Detailing her alleged assault on the Maritime Legal Aid & Advocacy (MLAA) website, the cadet painted a picture of drunkenness and lewd behavior and spoke of being pressured hard to drink strong alcoholic beverages to the point where she was unable to protect herself.
Maersk Line is investigating a recent anonymous publication of an alleged sexual assault of a cadet aboard a U.S.-flagged vessel in 2019.
Maersk is working closely with U.S. unions representing officers and crew, the U.S. Merchant Marine Academy, where the cadet is enrolled, the U.S. Maritime Administration (MARAD), which oversees the U.S. maritime academy and industry, the U.S. Department of Transportation, which oversees MARAD, and the U.S. Coast Guard, which enforces U.S. flag regulations and laws.”
Maersk Line has a strict zero-tolerance policy regarding alcohol consumption and sexual assault/sexual harassment on its vessels, in full compliance with U.S. government regulations. As part of the investigation process, the master, chief engineer, first assistant engineer and two junior engineers have been suspended pending the outcome of the investigation.
In response to the MLAA publication, many women have written in support of the cadet, as well as some who have outlined their own experiences.
One wrote: “Unfortunately, sexual harassment in the maritime industry extends to offices as well. It is a tolerated culture in the industry.
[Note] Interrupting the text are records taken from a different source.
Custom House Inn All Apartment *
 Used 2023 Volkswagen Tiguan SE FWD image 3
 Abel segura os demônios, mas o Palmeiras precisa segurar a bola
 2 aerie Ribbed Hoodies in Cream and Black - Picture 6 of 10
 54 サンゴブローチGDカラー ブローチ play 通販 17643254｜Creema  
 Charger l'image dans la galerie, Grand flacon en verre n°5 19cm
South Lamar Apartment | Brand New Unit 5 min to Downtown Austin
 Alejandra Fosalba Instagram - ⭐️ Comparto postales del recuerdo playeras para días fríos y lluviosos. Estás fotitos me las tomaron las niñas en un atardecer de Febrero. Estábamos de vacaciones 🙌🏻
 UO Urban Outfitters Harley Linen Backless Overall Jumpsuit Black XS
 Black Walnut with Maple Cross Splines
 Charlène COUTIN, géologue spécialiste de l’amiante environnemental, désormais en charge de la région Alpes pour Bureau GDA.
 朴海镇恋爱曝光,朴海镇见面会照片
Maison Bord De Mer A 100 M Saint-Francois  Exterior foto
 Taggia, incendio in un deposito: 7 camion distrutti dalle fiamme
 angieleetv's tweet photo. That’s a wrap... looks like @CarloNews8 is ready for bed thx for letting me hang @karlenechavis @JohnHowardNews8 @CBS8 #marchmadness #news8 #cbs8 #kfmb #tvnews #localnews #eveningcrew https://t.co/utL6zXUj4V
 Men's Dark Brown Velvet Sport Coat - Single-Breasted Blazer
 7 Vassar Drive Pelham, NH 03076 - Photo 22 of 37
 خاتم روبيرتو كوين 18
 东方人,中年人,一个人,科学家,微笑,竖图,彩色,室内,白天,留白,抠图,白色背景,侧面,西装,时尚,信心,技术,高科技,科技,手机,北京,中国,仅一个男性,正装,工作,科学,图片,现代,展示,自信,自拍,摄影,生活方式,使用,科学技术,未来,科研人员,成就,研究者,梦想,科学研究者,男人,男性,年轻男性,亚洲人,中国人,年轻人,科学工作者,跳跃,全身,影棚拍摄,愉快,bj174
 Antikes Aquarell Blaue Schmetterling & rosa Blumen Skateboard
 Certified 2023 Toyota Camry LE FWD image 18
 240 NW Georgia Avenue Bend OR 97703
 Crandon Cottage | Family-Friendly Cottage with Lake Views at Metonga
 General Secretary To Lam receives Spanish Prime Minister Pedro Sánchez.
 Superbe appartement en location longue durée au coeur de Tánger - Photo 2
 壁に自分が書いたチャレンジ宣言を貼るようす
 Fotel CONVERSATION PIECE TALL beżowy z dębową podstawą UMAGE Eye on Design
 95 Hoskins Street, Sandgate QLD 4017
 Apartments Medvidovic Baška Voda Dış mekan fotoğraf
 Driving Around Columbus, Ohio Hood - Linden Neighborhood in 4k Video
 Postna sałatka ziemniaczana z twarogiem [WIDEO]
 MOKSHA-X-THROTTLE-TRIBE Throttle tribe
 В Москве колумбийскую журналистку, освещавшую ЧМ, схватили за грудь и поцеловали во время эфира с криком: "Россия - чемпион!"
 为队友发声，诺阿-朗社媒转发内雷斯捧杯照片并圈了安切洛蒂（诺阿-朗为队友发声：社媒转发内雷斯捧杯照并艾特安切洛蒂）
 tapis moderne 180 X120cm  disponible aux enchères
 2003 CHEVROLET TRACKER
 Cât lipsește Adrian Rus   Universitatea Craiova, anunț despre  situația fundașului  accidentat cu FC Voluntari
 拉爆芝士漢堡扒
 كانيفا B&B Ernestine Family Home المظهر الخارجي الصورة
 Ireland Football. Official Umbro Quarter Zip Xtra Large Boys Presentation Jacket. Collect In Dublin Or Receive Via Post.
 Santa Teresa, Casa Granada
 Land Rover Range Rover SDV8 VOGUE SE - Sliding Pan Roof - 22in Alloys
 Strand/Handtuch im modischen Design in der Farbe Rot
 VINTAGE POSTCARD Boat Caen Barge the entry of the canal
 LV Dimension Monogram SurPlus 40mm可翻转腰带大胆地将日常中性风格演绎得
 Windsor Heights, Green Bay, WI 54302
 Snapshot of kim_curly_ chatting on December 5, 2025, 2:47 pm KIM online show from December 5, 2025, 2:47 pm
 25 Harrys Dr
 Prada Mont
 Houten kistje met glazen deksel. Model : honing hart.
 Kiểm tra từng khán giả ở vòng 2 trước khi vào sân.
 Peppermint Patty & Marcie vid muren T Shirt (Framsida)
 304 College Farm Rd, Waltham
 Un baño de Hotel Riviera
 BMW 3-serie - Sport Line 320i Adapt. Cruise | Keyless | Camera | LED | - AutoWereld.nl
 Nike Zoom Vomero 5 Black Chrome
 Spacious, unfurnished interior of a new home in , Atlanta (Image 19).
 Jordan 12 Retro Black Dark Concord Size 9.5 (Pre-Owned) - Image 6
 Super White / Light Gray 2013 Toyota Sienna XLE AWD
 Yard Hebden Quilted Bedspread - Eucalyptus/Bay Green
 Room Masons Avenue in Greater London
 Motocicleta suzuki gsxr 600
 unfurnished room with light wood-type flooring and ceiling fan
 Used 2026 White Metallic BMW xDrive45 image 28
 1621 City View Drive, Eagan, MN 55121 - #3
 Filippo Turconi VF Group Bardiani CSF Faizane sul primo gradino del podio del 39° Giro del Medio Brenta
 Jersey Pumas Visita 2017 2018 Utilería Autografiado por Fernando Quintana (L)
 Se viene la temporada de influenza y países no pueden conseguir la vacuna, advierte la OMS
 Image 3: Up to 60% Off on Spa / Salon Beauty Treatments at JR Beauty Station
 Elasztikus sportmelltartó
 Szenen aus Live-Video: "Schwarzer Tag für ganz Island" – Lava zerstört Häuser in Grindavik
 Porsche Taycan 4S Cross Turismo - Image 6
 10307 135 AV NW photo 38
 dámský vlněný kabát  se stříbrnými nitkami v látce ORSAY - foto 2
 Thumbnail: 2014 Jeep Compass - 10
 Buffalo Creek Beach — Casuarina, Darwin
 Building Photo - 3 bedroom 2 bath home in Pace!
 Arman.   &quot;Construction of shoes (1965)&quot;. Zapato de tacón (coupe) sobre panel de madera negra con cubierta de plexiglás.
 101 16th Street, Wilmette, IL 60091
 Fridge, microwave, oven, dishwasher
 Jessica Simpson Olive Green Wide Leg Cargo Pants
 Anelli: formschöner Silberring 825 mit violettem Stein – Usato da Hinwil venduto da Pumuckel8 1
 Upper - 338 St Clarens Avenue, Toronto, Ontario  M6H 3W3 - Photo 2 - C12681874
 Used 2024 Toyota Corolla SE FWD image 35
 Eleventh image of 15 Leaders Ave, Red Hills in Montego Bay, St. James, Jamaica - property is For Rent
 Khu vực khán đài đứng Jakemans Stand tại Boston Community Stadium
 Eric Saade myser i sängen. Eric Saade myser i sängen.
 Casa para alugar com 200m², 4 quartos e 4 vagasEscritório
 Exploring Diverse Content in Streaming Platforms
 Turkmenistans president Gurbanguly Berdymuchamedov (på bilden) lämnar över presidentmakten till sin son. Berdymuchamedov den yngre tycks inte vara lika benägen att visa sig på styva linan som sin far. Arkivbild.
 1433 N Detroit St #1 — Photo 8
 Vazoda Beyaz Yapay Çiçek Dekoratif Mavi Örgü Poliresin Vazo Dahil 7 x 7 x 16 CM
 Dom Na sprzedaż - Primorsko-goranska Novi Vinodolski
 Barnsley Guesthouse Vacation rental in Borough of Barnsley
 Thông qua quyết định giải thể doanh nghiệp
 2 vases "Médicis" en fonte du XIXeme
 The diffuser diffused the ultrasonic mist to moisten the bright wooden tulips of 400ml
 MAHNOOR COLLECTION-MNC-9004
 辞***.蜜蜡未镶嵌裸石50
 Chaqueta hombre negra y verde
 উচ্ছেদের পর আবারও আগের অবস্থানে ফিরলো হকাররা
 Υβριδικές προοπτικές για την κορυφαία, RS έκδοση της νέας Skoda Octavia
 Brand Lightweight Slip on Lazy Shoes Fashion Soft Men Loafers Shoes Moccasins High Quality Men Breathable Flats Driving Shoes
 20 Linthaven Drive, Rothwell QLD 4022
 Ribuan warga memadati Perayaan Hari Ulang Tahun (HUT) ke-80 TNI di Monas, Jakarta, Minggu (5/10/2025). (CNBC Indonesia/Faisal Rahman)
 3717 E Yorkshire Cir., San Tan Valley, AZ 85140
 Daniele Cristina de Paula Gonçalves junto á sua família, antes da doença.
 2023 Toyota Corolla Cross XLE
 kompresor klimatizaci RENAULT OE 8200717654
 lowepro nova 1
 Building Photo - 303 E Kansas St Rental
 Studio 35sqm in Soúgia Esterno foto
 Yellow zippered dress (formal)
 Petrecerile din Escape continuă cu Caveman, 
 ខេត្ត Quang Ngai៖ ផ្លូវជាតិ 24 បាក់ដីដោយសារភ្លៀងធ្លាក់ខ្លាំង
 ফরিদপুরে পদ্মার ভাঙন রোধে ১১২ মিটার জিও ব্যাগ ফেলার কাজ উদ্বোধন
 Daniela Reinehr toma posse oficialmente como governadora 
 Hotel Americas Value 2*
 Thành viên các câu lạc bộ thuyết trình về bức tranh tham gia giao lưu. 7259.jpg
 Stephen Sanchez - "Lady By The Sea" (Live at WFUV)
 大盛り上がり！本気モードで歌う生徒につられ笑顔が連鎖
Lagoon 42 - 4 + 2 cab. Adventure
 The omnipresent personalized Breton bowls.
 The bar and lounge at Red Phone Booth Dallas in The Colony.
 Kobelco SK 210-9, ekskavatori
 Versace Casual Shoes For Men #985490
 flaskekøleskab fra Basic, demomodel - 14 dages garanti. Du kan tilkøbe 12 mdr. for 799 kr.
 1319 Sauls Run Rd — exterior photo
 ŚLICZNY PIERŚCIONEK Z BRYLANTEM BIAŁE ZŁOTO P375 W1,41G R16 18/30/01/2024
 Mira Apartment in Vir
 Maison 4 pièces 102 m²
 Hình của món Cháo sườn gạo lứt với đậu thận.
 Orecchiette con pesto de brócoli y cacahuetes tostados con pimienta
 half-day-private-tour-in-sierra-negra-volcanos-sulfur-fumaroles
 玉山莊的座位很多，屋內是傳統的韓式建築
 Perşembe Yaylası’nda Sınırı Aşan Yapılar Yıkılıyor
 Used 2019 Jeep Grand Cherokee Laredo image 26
I have been a victim of sexual harassment and coercion in Maersk’s offices.”
The MLAA, however, asserted that the problem was much broader than just Maersk, it was an industry-wide problem.
Bill Woodhour, CEO of Maersk Line, said, “We are shocked and deeply saddened by what we have read. We take this situation very seriously and are concerned about the allegations made in this anonymous publication, of which we have only recently become aware. We do everything we can to ensure that all of our work environments, including ships, are a safe and welcoming place to work, and we have launched an investigation from start to finish.”
The cadet concluded her article, “This year I developed a resume to apply for jobs after graduation, and I put “victim advocate” on my resume. When I went to a resume workshop at Kings Point, two USMMA employees told me that I should remove ‘victim advocate’ from my resume, because ‘it makes people in our line of work uncomfortable, and you wouldn’t want to do that.’